Our plans on the annual investment allowance are clear: this is a temporary increase until December 2015. If the hon. Lady disagrees with that and has a different policy, I would be grateful to hear what it is. She talks about certainty. She has repeated the position that her party has taken this week, which is that this country should have the lowest corporation tax rate in the G7. The second lowest corporation tax rate in the G7 is 26.5% in Canada. That would allow a future Labour Government to increase corporation tax not just from 20% to 21%, but up to 26%. Is that the policy of the Labour party?

Baroness Primarolo Portrait Madam Deputy Speaker (Dame Dawn Primarolo)
- Hansard - - - Excerpts

Order. As interesting as some Members might find the debate on corporation tax and the future policy, that is not the subject of the new clause that we are discussing. Although the subject is linked to the question of allowances, it is not the substantive point. I would be grateful if Members addressed their remarks mainly to the new clause. They may use supporting arguments, but they must not allow those supporting arguments to become the only things that are debated.
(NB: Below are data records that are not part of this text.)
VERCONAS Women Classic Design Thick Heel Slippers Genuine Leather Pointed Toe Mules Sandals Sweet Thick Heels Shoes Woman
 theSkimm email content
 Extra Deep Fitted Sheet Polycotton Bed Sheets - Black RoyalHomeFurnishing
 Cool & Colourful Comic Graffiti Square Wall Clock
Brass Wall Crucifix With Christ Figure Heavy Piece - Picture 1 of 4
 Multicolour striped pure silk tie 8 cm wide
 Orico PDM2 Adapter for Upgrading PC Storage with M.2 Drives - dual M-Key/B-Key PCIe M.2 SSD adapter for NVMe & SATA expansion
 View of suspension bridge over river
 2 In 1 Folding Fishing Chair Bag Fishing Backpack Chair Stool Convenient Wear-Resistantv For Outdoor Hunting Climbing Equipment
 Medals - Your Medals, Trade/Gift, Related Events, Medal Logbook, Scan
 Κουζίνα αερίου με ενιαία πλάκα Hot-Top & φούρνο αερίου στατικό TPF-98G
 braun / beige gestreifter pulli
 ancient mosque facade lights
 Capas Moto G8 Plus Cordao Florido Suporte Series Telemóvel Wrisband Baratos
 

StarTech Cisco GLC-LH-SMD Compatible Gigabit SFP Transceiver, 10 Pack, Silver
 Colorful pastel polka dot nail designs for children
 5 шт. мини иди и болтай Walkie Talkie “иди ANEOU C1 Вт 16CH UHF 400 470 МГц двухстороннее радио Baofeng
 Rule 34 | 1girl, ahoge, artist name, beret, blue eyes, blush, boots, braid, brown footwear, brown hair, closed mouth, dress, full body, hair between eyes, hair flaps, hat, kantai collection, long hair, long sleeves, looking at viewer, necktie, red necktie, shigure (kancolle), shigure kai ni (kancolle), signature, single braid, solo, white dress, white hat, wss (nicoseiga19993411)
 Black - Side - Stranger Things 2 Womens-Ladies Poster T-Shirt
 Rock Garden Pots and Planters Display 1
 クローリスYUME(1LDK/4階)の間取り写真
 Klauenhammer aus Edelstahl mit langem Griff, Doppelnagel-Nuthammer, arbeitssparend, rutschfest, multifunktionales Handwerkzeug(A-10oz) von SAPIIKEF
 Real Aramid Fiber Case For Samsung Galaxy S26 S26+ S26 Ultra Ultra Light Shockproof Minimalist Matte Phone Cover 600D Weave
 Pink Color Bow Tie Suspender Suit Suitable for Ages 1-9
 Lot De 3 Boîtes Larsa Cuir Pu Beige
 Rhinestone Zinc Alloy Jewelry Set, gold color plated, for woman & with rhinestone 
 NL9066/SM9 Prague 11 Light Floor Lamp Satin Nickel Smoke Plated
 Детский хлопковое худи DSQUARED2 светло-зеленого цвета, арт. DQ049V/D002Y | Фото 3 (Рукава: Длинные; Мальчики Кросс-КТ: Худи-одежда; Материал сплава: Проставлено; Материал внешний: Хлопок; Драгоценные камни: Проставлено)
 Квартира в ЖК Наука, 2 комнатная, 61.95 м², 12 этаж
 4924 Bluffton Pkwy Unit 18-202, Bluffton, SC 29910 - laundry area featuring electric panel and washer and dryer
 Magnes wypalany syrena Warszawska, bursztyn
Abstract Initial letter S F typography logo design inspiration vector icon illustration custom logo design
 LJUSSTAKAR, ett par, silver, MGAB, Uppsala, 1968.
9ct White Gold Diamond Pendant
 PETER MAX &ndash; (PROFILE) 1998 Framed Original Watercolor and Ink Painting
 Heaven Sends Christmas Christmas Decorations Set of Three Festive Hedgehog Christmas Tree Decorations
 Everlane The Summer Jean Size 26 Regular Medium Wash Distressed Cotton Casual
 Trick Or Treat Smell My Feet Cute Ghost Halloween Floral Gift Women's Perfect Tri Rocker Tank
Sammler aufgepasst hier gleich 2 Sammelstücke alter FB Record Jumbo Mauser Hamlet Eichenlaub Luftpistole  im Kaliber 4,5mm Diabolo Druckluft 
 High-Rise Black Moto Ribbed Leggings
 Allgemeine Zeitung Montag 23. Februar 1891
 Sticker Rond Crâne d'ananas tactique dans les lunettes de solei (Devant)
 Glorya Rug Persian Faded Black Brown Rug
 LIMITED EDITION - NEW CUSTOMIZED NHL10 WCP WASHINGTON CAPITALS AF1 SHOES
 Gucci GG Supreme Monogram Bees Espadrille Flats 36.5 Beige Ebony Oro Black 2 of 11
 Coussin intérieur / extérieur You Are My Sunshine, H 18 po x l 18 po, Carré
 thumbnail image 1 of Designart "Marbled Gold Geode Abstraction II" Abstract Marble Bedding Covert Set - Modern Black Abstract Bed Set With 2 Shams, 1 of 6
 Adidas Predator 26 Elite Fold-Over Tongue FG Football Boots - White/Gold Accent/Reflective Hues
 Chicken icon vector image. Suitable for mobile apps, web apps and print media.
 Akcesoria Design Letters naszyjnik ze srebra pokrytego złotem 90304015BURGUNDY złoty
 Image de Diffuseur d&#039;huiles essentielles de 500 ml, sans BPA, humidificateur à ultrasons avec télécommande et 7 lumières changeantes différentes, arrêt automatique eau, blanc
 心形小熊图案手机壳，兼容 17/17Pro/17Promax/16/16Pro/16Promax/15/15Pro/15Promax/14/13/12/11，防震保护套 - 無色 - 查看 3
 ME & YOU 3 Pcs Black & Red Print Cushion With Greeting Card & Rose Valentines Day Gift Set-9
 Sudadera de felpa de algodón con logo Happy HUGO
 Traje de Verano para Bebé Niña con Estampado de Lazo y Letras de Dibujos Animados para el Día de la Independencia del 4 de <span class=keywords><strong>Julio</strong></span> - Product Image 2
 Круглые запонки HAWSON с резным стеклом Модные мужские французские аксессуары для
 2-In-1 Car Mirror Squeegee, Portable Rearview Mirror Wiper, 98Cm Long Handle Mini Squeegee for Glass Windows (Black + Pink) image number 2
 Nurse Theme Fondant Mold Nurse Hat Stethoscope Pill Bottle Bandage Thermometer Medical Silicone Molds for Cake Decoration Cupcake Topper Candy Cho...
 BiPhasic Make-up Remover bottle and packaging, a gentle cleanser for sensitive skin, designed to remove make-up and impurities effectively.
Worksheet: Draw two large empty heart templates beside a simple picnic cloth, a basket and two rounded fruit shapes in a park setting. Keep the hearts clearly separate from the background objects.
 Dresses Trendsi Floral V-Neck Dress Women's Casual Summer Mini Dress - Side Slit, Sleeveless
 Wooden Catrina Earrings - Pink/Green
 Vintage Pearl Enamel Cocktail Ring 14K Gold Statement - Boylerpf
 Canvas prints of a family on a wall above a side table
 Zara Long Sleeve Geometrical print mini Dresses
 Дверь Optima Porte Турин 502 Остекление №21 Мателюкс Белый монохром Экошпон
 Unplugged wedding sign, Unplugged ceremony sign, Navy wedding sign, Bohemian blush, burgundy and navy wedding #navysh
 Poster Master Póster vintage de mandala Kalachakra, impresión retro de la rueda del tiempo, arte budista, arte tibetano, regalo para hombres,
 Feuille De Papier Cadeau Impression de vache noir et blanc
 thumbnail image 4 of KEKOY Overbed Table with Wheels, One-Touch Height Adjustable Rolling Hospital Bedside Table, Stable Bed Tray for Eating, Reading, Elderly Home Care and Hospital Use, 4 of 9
Catherine McKinnell Portrait Catherine McKinnell
- Hansard - - - Excerpts

Thank you, Madam Deputy Speaker, for your sage guidance. I agree that the Minister appears to be diverting the discussion away from the issue of concern: the Government’s approach to the annual investment allowance, which is the subject of the new clause. It calls for a review of the impact of the Government’s decisions on the allowance. He seems very reluctant to address that issue.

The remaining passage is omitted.